MC戦記(第1戦)

午前5時。冬の朝は、白むどころか真っ黒なままで、まったく音もしない。思いきりカーテンを引いて、出窓の下を覗きこむ。夜半にも「降るかもしれません」と言われていた雨は、まだ落ちていなかった。薄い街灯の光が、路地を青く照らしている。ギリギリまで整備を続けさせられて、平日よりも短い夜だったのに・・・妙に冴えた目覚めが不思議な気分だ。興奮しすぎて、ほとんど眠っていなかったのかもしれない。

オイルヒーターは点けっ放し。ゆるんだ居間の空気のなか、灯油ストーブの臭いが鼻をつく。手早く珈琲を淹れて、ガラスポットにティーバッグを2つ放りこんで、熱いお湯を注ぐ。いつもより1時間ほど早いせいか、玄関のシロもネロも、素知らぬふりで丸くなっている。

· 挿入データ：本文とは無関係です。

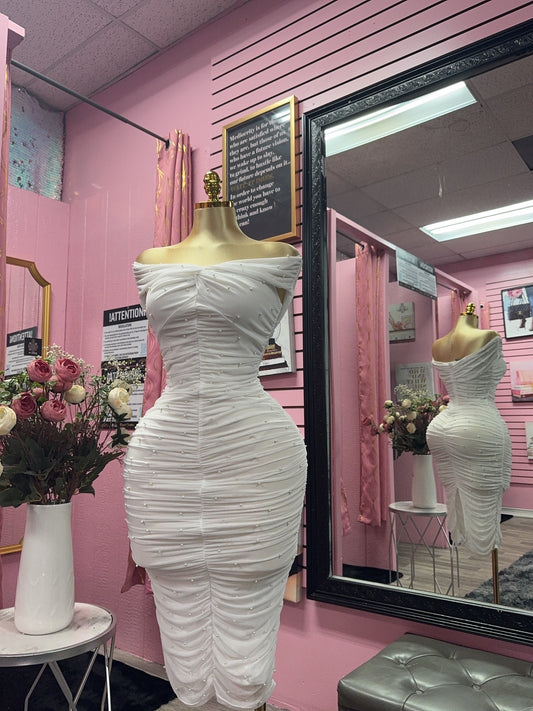 Ana beautiful dress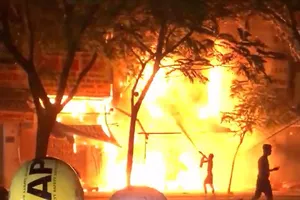 Cháy lan dữ dội sau tiếng nổ ở quận 5, cụ bà mắc kẹt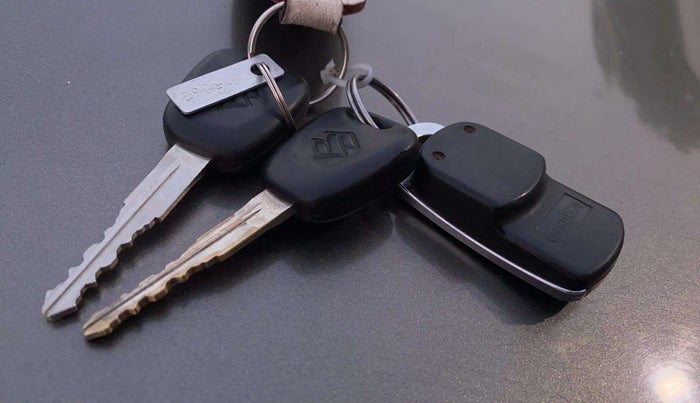 2018 Maruti Swift LXI, Petrol, Manual, 74,961 km, Key Close Up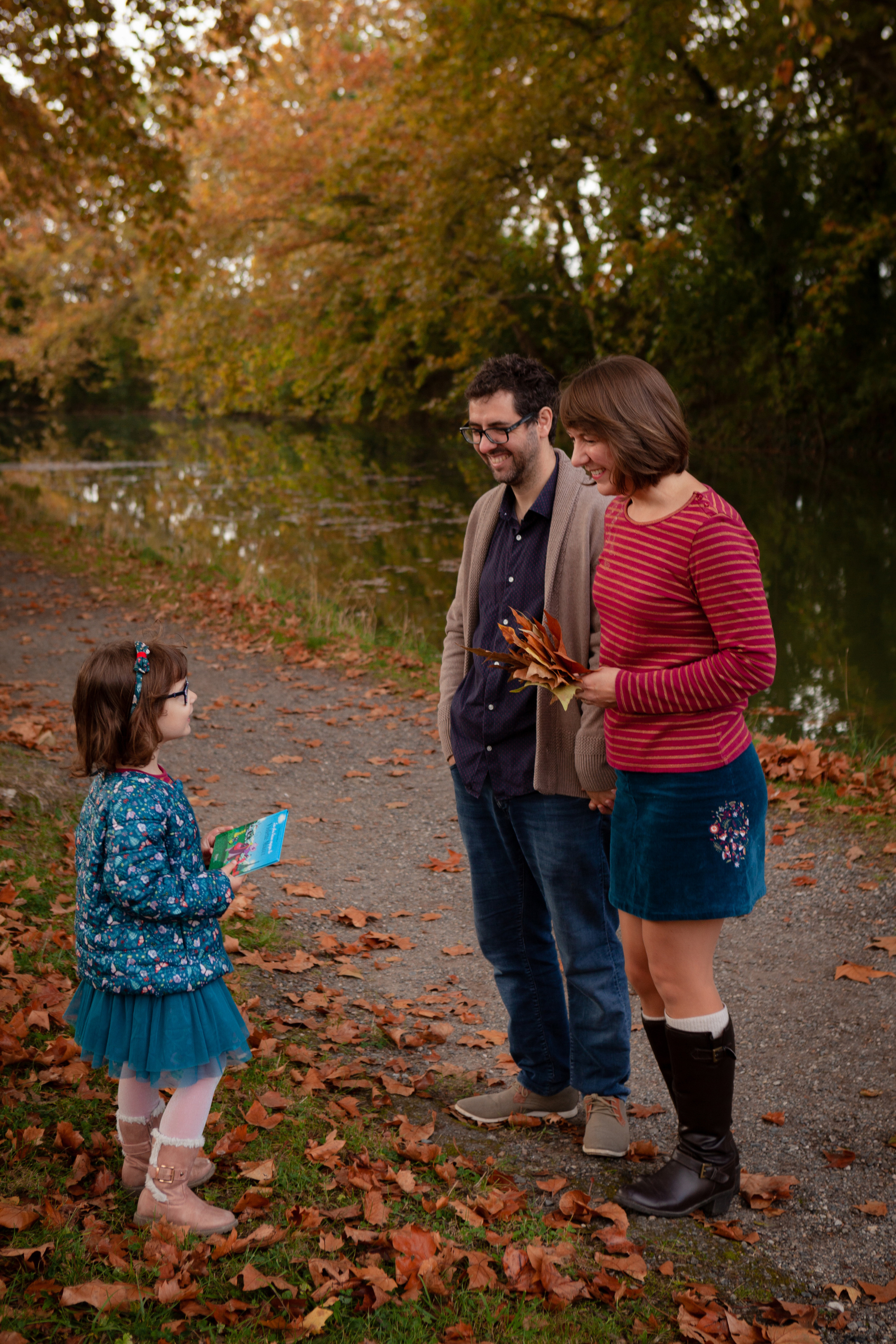 Family session at Toulouse by Canal du Midi. Eugenie Smirnova — wedding, corporate and lifestyle photographer in Toulouse and Southwest France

着替えと散歩をすませて、残りの荷物をbongoに詰めて――5時50分、予定より5分遅れて、ヘッドライトを灯したBongoが県道にすべりだす。

これから向かう東の空、黒くたなびく雲の上に、明けの明星が大きく瞬いている。身を乗り出してフロントガラスを見上げると、雲は切れていて、薄い藍色の空に三日月が白々と浮かんでいた。ちょっと期待させてくれる、いい感じの夜明けだ。